# ASSIGNMENT:
Please retype the listing below exactly as it stands, skipping any pictures.
#### RECORDED INFORMATION ####
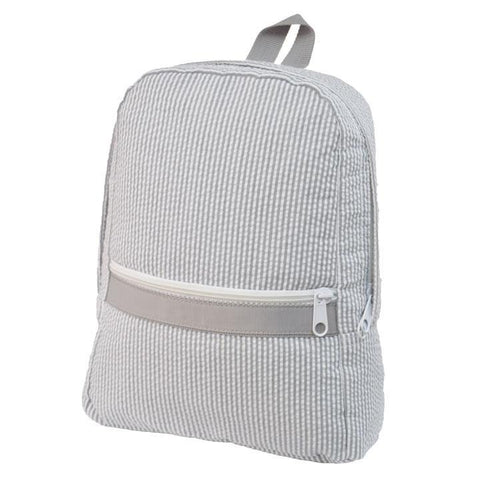 Grey Seersucker Small Backpack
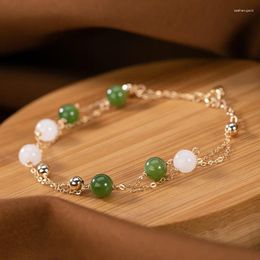 Pulseras de encanto Chengyue Pequeña pulsera estrellada exquisita Jasper plateado 14k oro dorado blanco jade joyería de mujer de alto grado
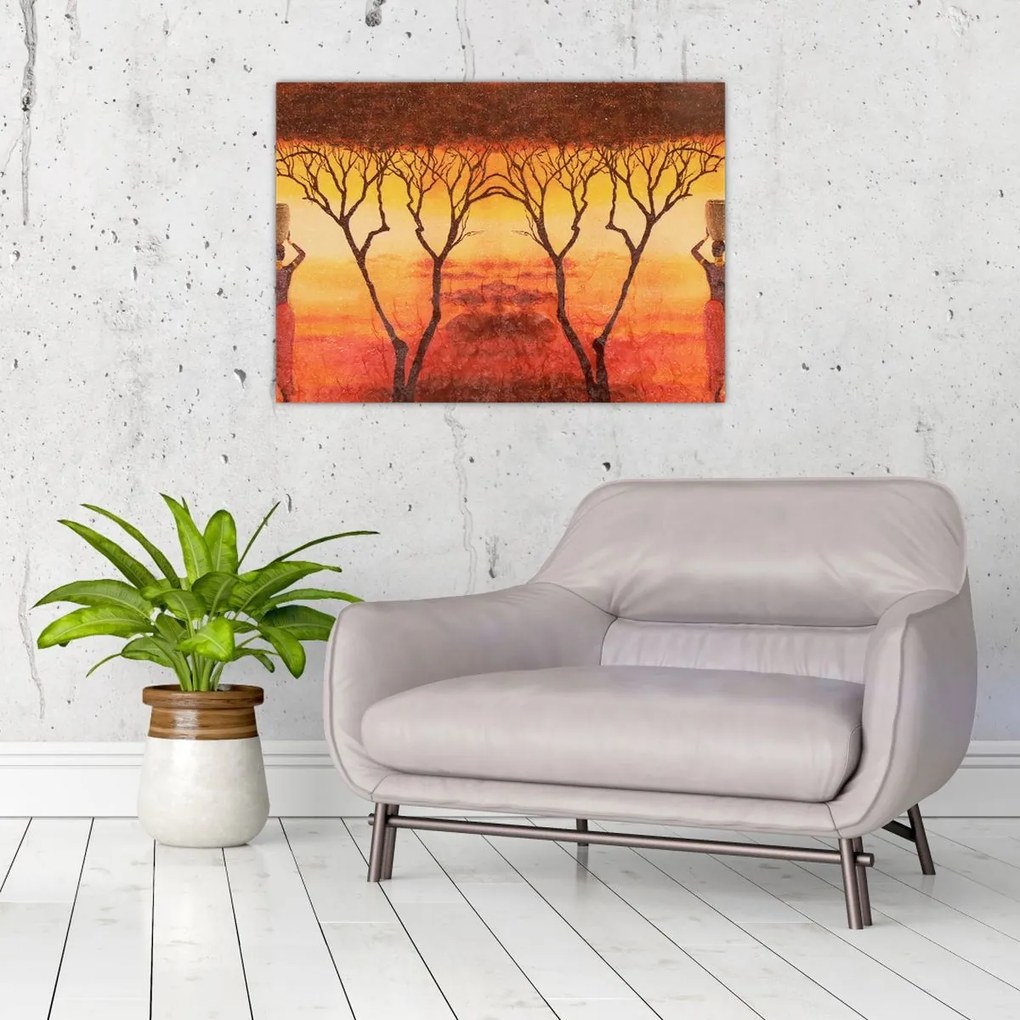 Tablou pe sticlă - Savana africană (70x50 cm)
####
# RESULT FOR THIS TASK:
 Grey Seersucker Small Backpack
 Pulseras de encanto Chengyue Pequeña pulsera estrellada exquisita Jasper plateado 14k oro dorado blanco jade joyería de mujer de alto grado
 Tablou pe sticlă - Savana africană (70x50 cm)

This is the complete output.